[RECORDS FOR THIS TASK]

========================

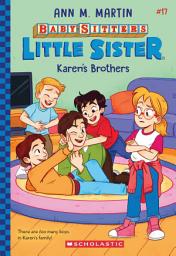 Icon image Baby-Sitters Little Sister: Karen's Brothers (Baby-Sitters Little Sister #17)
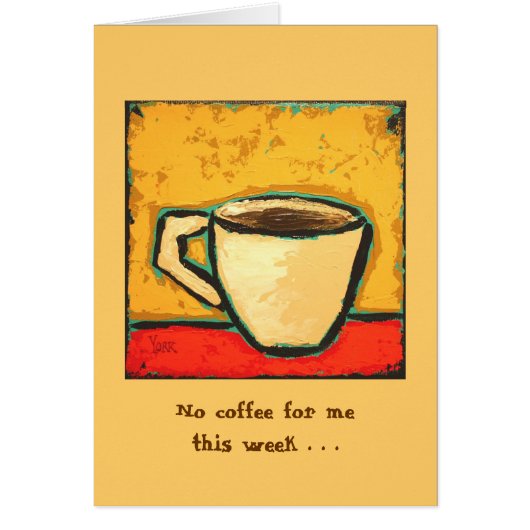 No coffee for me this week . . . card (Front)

========================

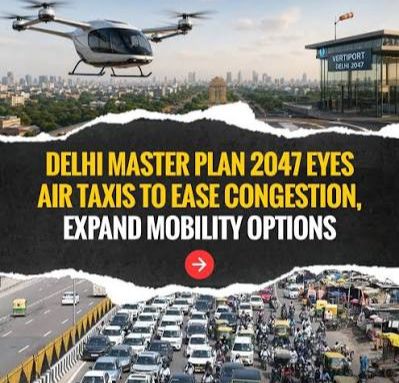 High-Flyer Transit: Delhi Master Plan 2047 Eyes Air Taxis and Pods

========================

[WHAT IS NEEDED] Reproduce the listing above exactly from the line containing "Icon image Baby-Sitters" up to and including the line containing "No coffee for", omitting any images and everything outside those lines.

[FINISHED TASK]
 Icon image Baby-Sitters Little Sister: Karen's Brothers (Baby-Sitters Little Sister #17)
 No coffee for me this week . . . card (Front)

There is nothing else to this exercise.